Anchor Markets Blog

SPACs - Are they here to stay?

Written by Augusto Quiñones | Feb 18, 2021 10:28:57 AM

SPACs - Special Purpose Acquisition Companies - have become a very popular vehicle for investors to access private companies through an IPO. The objective of these entities is to offer an alternative channel to private companies to raise capital as a preliminary step to going public.

Despite the pandemic, the number of IPOs in 2020 has doubled that of 2019 with 494 for the entire year.
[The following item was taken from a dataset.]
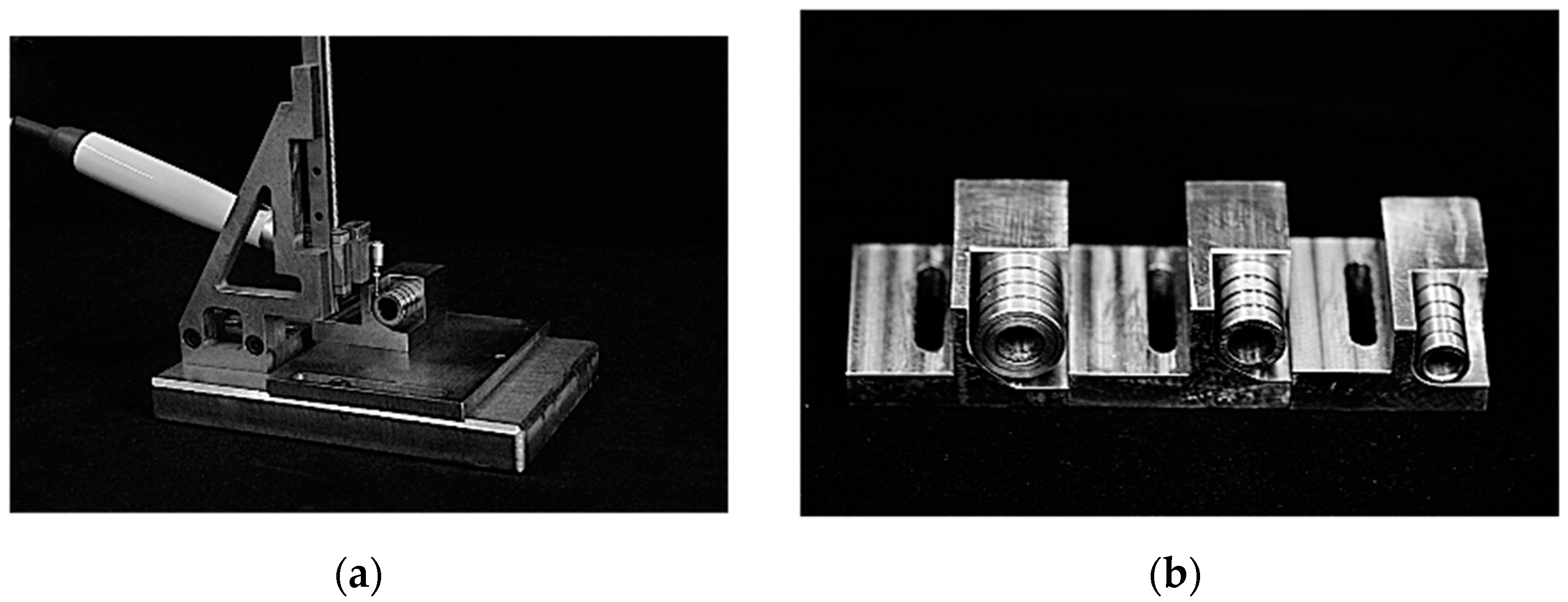 Applsci 13 10293 g003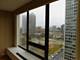 2800 N Lake Shore Unit 1517, Chicago, IL 60657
Taking into account that on average, the shares of the companies that went public saw their value increase by 88% on the first day of listing, we can understand the phenomenon of SPACs as an euphoria to enter a market previously monopolized by big investment banks and which has unclear valuations.

 

But since all that glitters is not gold, the investor interested in accessing this type of vehicle must take into account certain associated factors. According to various analysts, the cost of entering a SPAC is close to 30%, so if the companies acquired by the SPACs do not experience an appreciation of at least 42%, the investor will be losing capital (at least up to exceed that threshold).

On the other hand, companies that go public in general are in a very early stage of their business, so investors are acquiring a stake in a company that loses money and which future is absolutely uncertain. Despite this, the amount raised by the SPACs during 2020 approached 100 billion dollars, so the boom in these instruments seems to have come to stay.